Last Updated: June 7, 2026 Reading Time: 8 min
On June 3, 2026, an executive order moved roughly 8,000 federal positions into Schedule Policy/Career, stripping their civil service protections and making them effectively at-will. The White House published the full list as a 229-page appendix, so for the first time you can check whether your own job is on it. Here is the exact step-by-step to find out, and what it means if your position is there.
Key Takeaways
- The list is public. A 229-page White House appendix names affected positions by agency and position description (PD) code.
- Check it with your SF-50. Find your PD number, then search the appendix for your agency and that number.
- 4,800 PDs, ~8,000 people. The appendix lists about 4,800 position descriptions; the real headcount is higher because employees share PD codes.
- 97% are GS-15 or Senior Level, plus some GS-13/14 roles at OMB.
- If you're on it, your MSPB appeal rights are already gone. Your FERS pension, FEHB, TSP, and severance eligibility stay.

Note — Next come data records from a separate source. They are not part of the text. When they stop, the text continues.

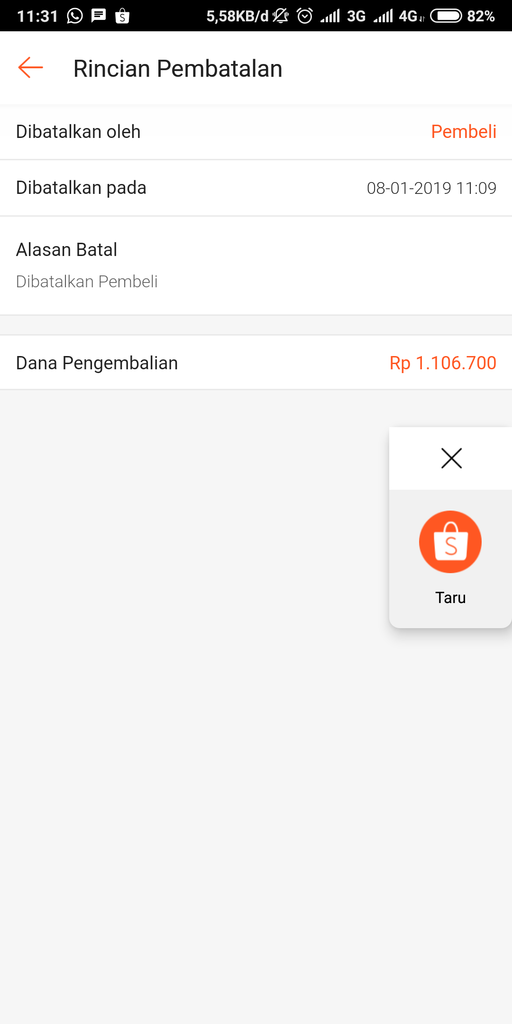 Bahaya belanja pake kartu kredit di shopee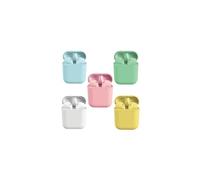 Cuffie sportive Bluetooth impermeabili, auricolari wireless compatibili con iPhone, Samsung, Huawei, OnePlus - Nero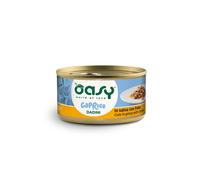 Oasy Caprice Dadini in Salsa con Pollo 85gr - Umido per gatti adulti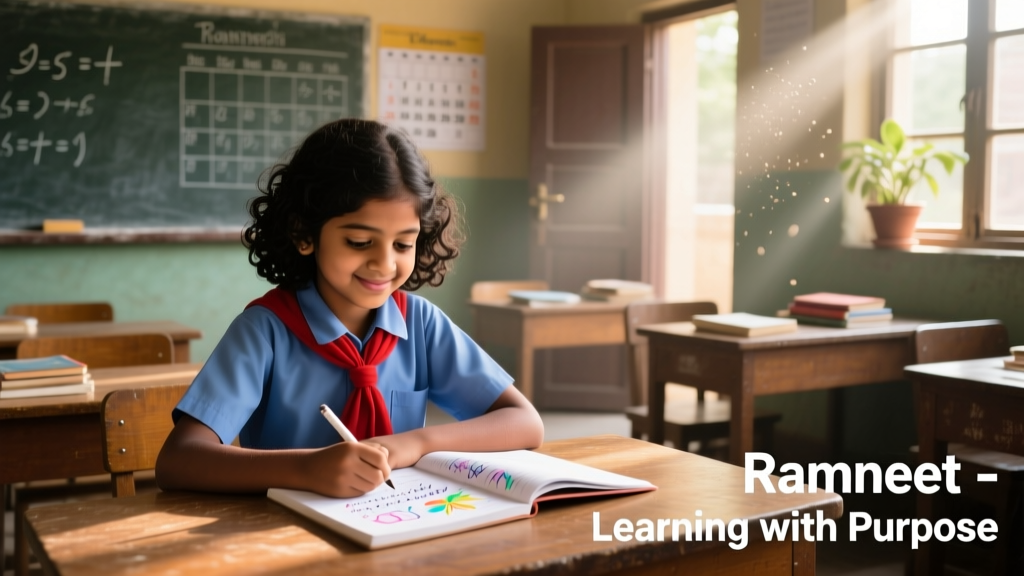 Ramneet: A Case Study in Early Childhood Development and Curriculum Integration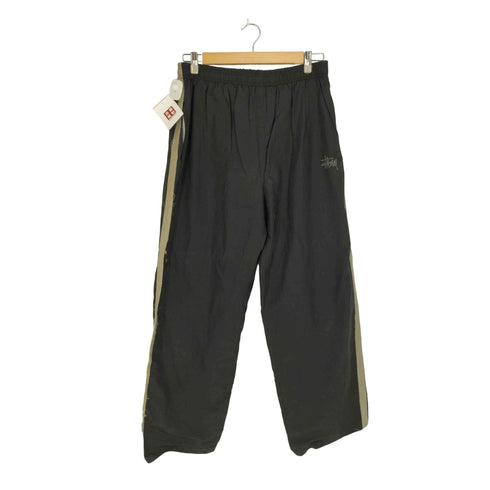 ステューシー Stussy SPORT 90S USA製 裏地メッシュ サイドライン イージーパンツ メンズ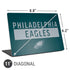 NFL Philadelphia Eagles Green Performance Series Universal Laptop 11in (8.8 x 6.2in) Skin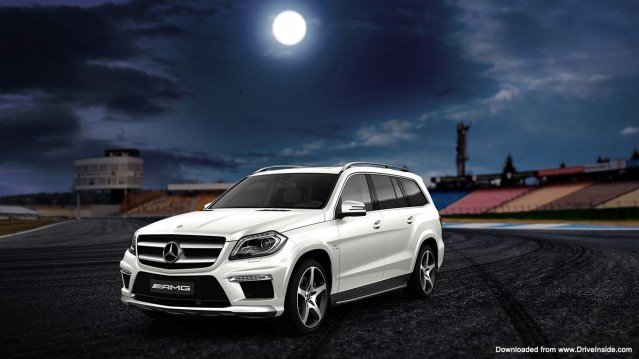 Mercedes-Benz GL 63 AMG
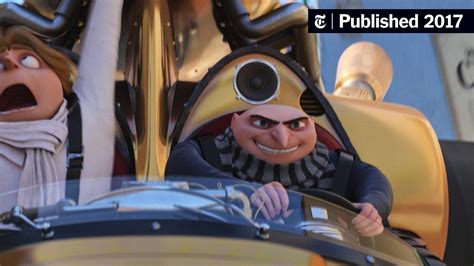 Download Felonious Gru Driving Despicable Me 3 Wallpaper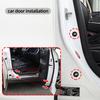 Car Door Shockproof Silicone Gasket Buffer Pad Accessories For Lada Vesta Niva Samara Kalina Largus Priora Xray Granta Cross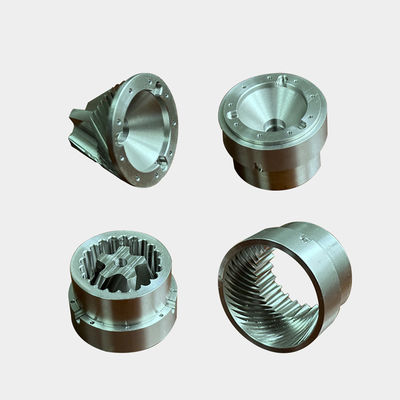 Metal Üretimi için hassas CNC İşlenmiş Parçalar Alüminyum Paslanmaz Bakır Titanyum Çelik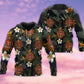 Firefighter Floral Love Style - 3D Hoodie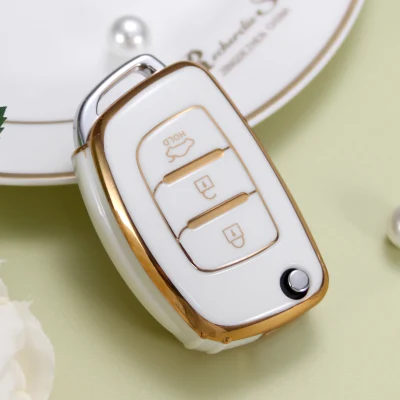 Soft TPU Car Key Cover Shell Product for Hyundai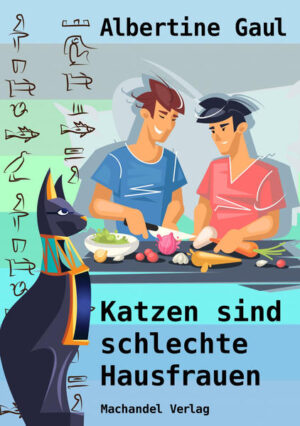 In Deutschland hat der junge Ägypter Nader Zuflucht gefunden und eine Ausbildung zum Goldschmied begonnen. An der Ehrerbietung gegenüber Katzen, die seine Familie stets ausgeübt hat, hält er auch in der Fremde fest, ebenso wie an der Gastfreundlichkeit seiner alten Heimat. Als ihn ein Landsmann in einer Bar um eine Schlafmöglichkeit für wenige Nächte bittet, nimmt er ihn daher mit zu sich nach Hause. Sein Gast ist nicht unattraktiv und kocht zudem hervorragend. Nur will er leider, dass Nader mit ihm nach Ägypten zurückkehrt. Auch nach vehementer Ablehnung macht er keine Anstalten, wieder zu verschwinden. Und dann platzt zu allem Überfluss noch eine altägyptische Göttin in Naders Leben. Was soll Nader tun?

- If you're not on it, you're not permanently safe. The order allows future additions.
What Just Happened (the Short Version)
Schedule Policy/Career is the successor to what was proposed as "Schedule F." It pulls covered positions out of the competitive service and into the excepted service, which removes the appeal and notice protections that career federal employees normally have. The June 3 order didn't just create the category; it named about 8,000 specific positions and made the change effective immediately.
This post is the practical "is it me, and what do I do" guide. For the full rule, the benefits impact, and the lawsuits, see our companions: Schedule Policy/Career and Your Benefits and the Schedule F Employee Guide.
The 4,800 vs 8,000 Gap Nobody Explains
Here is the detail that trips people up, and the one most news coverage skips.
The appendix lists roughly 4,800 position description (PD) codes. The White House says roughly 8,000 employees are affected. Both numbers are right, because they count different things. A single PD code can be held by many employees. At a large agency, one generic "GS-15 Program Manager" or "GS-15 Attorney Advisor" description might cover three, five, or ten people.
The appendix lists about 4,800 position descriptions. The White House says about 8,000 employees are affected. The gap is multiple employees sharing a single PD code. 4,800 PDs does not mean 4,800 people.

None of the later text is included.